The following paragraph about the practice of baptizing the dead was taken from Jefflindsey.com, an LDS “apologetic” website–if there is such a thing.  It shows how Mormons helplessly try to explain the practice of baptizing the dead:

 “Baptism for the dead is a powerful evidence that Joseph Smith was a real prophet and the Church of Jesus Christ has been restored. The LDS practice has long been derided as absolute fiction and an abomination, and based on a terrible mis-interpretation of 1 Cor.15:29. However, long after Joseph Smith restored the practice through revelation, dozens of ancient documents have turned up showing that early Christians (at least some) indeed believed in and practiced baptism for the dead much as we do today. “

 I am always glad to see the appearance of the phrase “through revelation” because it usually means that all other Mormon explanations have been exhausted leaving only “we do what we want through revelation.”  

 If there’s a part of scripture that best illustrates how Mormons twist the word of God, this is it.  We have always maintained that Mormons are great basing an entire belief system upon one or two verses of scripture.  This is a well known fact amongst those of us who work in the field of counter-cult ministries.  The LDS Church is no exception to this rule, although they would vehemently deny the allegations.  There is literally one verse that talks about baptism for the dead and this is what the Mormon Church has put their minds on to set a standard of a dead work for their god.  It is found in 1 Corinthians 15:29 and it says; ‘Else what shall they do which are baptized for the dead, if the dead rise not at all? Why are they then baptized for the dead?’

 The key to understanding scripture is to read all things in context before you apply it to any teaching.  The first half of 1 Corinthians 15 is speaking about the absurdity of not believing in the resurrection of the dead.  Paul gave examples of those who had witnessed Jesus’ resurrection and then went on to explain that baptizing for dead people was even more absurd if they didn’t believe in the resurrection.  The uniqueness of Christianity lies in the resurrection of the dead.  For whatever reasons, the Corinthian church believed they needed to perform this proxy for the dead and Paul was there to set them straight.
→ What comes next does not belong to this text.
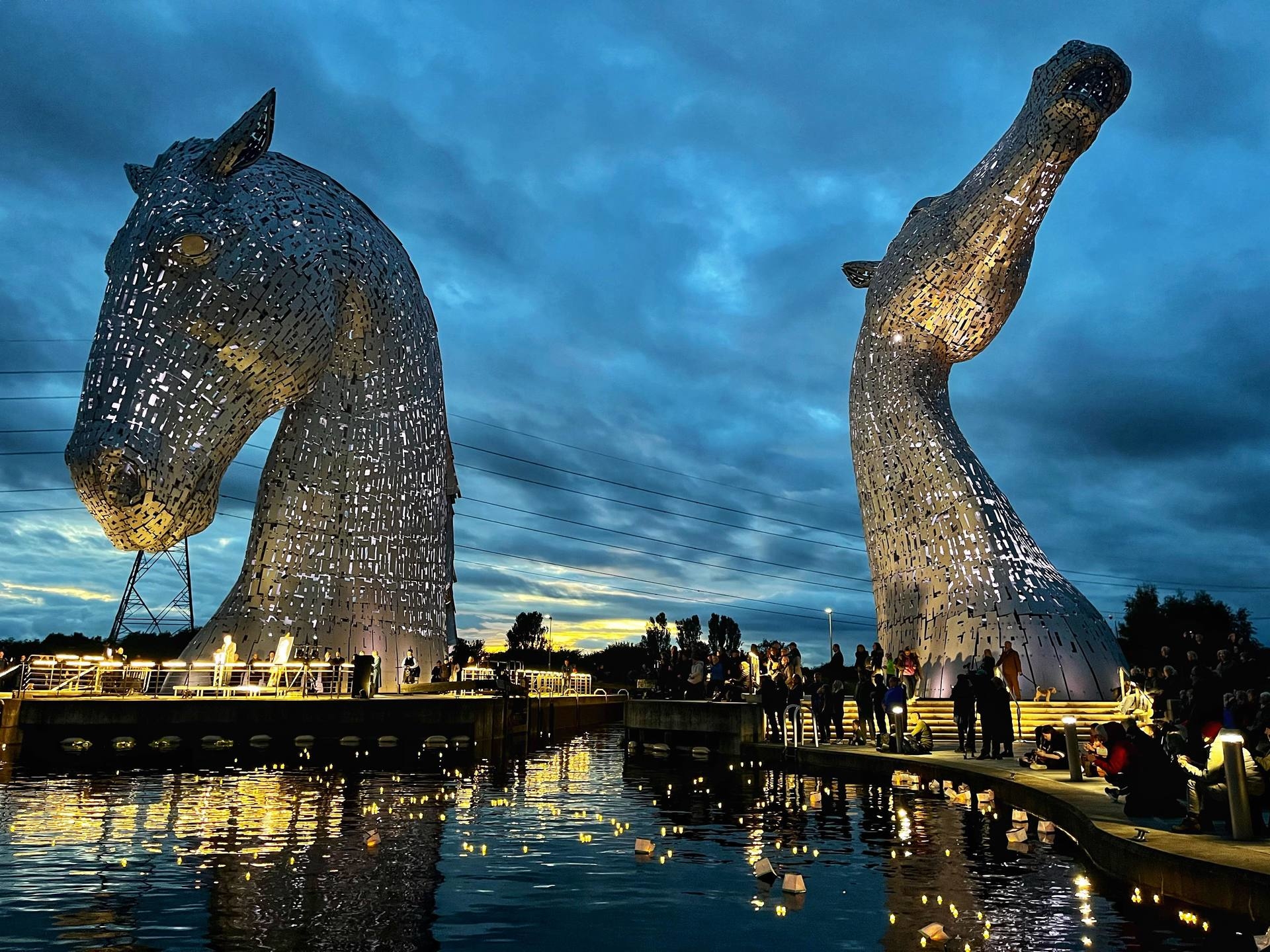 Tributes were paid at the Kelpies in Falkirk.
 Joseph Smith is quoted in the book Teachings of the Prophet Joseph Smith, pg. 179 as follows; ‘The Saints have the privilege of being baptized for those of their relatives who are dead, whom they believe would have embraced the Gospel, if they had been privileged with hearing it, and who have received the Gospel in the spirit, through the instrumentality of those who have been commissioned to preach to them while in prison.’ 
 

Several questions arise in my mind when I read this thought process of Smith’s.  First of all, how does one know if their dead relative got the chance to hear the gospel in spirit prison?  Secondly, how could someone ever presume that their dead relative would even accept the gospel? Third, if, as many Mormon leaders teach today, that all people will be caught up in the first two levels of heaven regardless of whether they’re Mormon believer or not (i.e. they deny the concept of hell), then what is the point of baptizing the dead? Aren’t we all already going to heaven? 
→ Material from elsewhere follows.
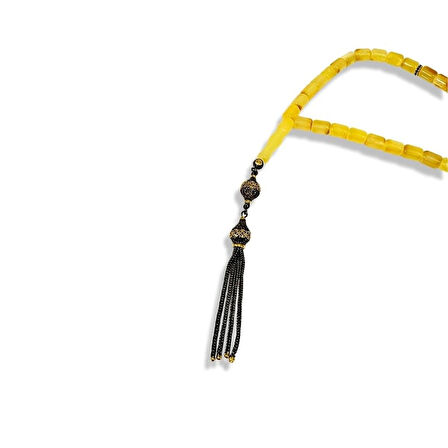 Dört Püsküllü Fıçı Kesim Kehribar Gümüş Tespih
Let’s look at the exact passage in scripture:

 1 Cor. 15: 29

 “Else what shall they do which are baptized for the dead, if the dead rise not at all? Why are they then baptized for the dead?” KJV.
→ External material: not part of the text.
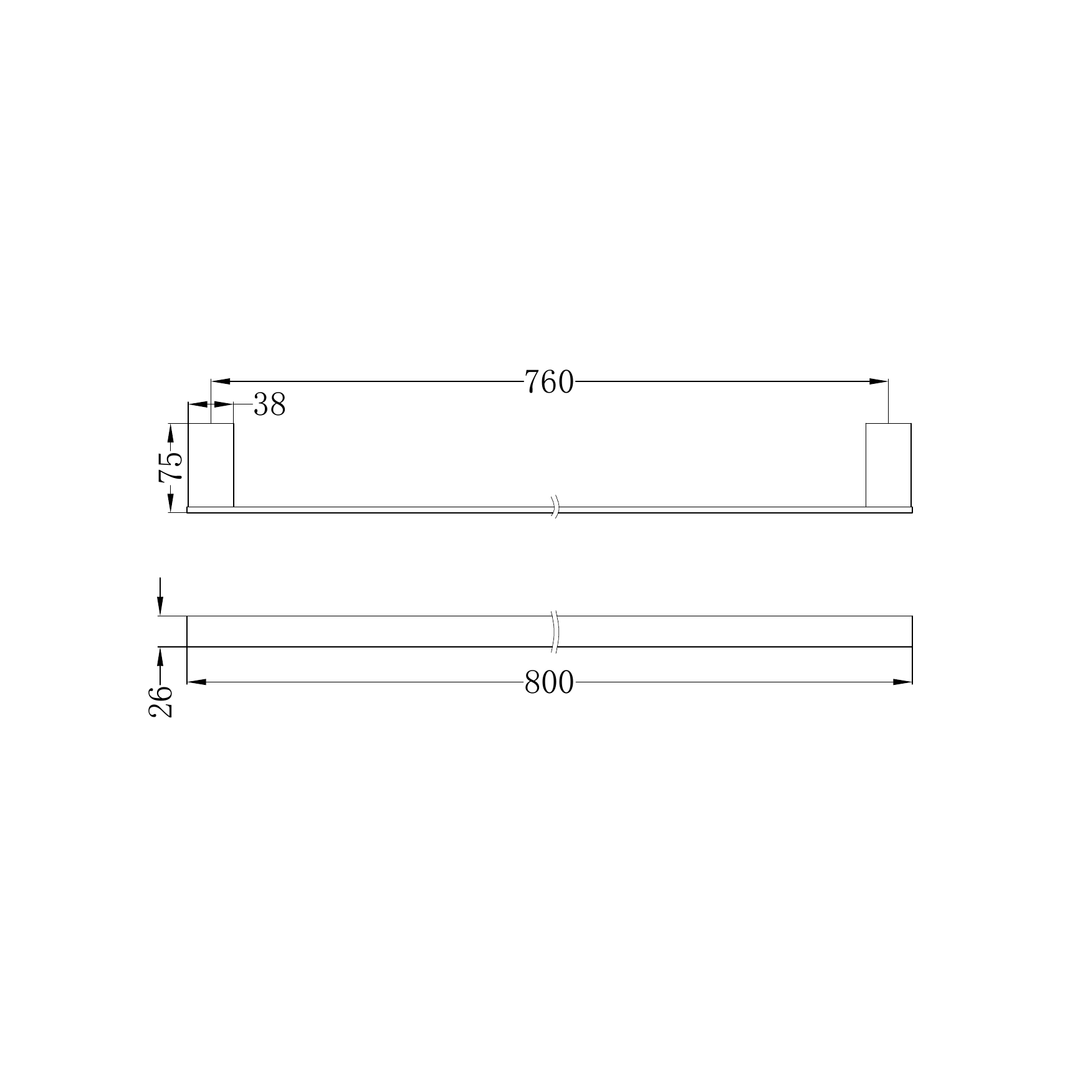 Nero Celia 800Mm Single Towel Rail Matt Black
Just to gather some meaning here, let’s read the same verse from the NLV to get a better understanding:

“What good will it do people if they are baptized for the dead? If the dead are not raised, why are people baptized for them?”

Mormon “apologists” put all their reasoning behind the word “they,” in 1 Cor. 15:29, as if to imply that since Paul said “they” in referring to his fellow apostles in the early part of the chapter, that he means to attribute “they” to [the apostles’] practices later in the chapter as well.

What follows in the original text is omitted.